The story that Harry relates about Lena – including her possessive boyfriend, the head of a powerful bank, as well as Ray X, the spooky young hopeful writer – eventually intersects with Judit and Diego, Harry’s devoted friends (one of whom has a fateful confession to make), and all the threads of the tale eventually come together as superb melodrama.
As my companion in the theater noted, Almodóvar is a kind of Spanish version of Woody Allen – providing knowing set pieces of lives of artistic import and modern relationships. Almodóvar just provides a few twists on the typical Woody Allen approach: more gay, more Spanish, more melodramatic, and more modern. That makes him more interesting – willing to fly a bit higher, and take a few more dramatic risks – and yet, like Woody, Almodóvar insists on bringing his films, at the end, back down to a simple tale of “slice of life” and the quiet desperations of his middle class characters.

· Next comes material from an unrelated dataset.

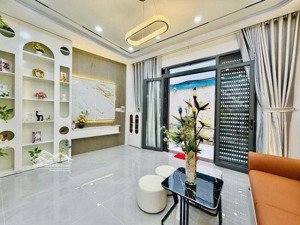 nhà mới đón tết full nội thất sát mặt tiền ngang 4,3m nở hậu 3pn giá 4.85 tỷ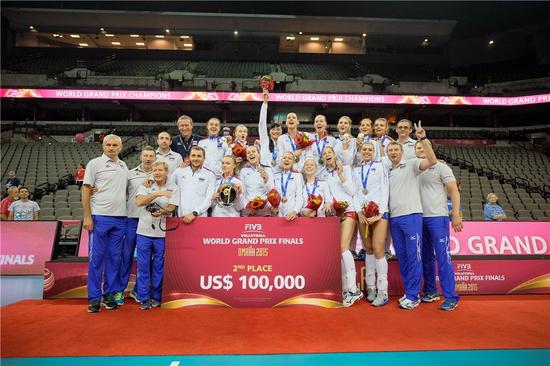 俄罗斯女排获亚军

We can see the tightly controlled tone of the first half of the movie loosening up as Almodóvar navigates his way to the end – jumping between heightened pathos and incidental slice-of-life. This modulation of high/low is a signature Almodóvar style that, at first, he seemed to be growing out of here. Though that’s a bit disappointing, the ending makes sense of what’s come before in a satisfying enough way: Ray X eventually provides the missing part of the story that Harry has been searching for: what actually happened that night that Harry (then Mateo) went blind, and lost Lena forever.
There are a few things I think Almodóvar might have done that might have tied up his themes a bit more neatly: for instance, why does Diego not hide from Harry, as has been hidden from him, the reality of that fateful moment, which has been captured, in delicious irony, on film? It seems an obvious opportunity to plumb Diego’s character, and its relationship to Mateo, that Almodóvar has missed. After all, in a story about history, memory, and innocence, the next generation is what an audience comes to care most about - and indeed, represents the concerns of a mature story-teller. Instead, Almodóvar seems to have become enamored of his recreation of his earlier movie – the film-within-a-film that’s his re-telling of Women of the Verge – which is a neat trick...but the kind of thing we might expect from a younger director, and not nearly as important to the story as the boy and his future has become.
Which is why Almodóvar’s focus in the last half hour of the film (after the momentous confessions begin) seems to be off – broader, scattered, with the humorous irony of his early films but lacking the confidence and subtly we’ve been treated to until this point. In the end, Broken Embraces is about how a movie director chooses to perceive – and edit – the painful and pleasurable moments of the past, as well as how we relive our histories through the lives around us. Almodóvar manages to keep that delicate tone in balance for most of the movie, and just a few more delicate scenes at the end to tie it all together would have made this a mature masterpiece, indeed.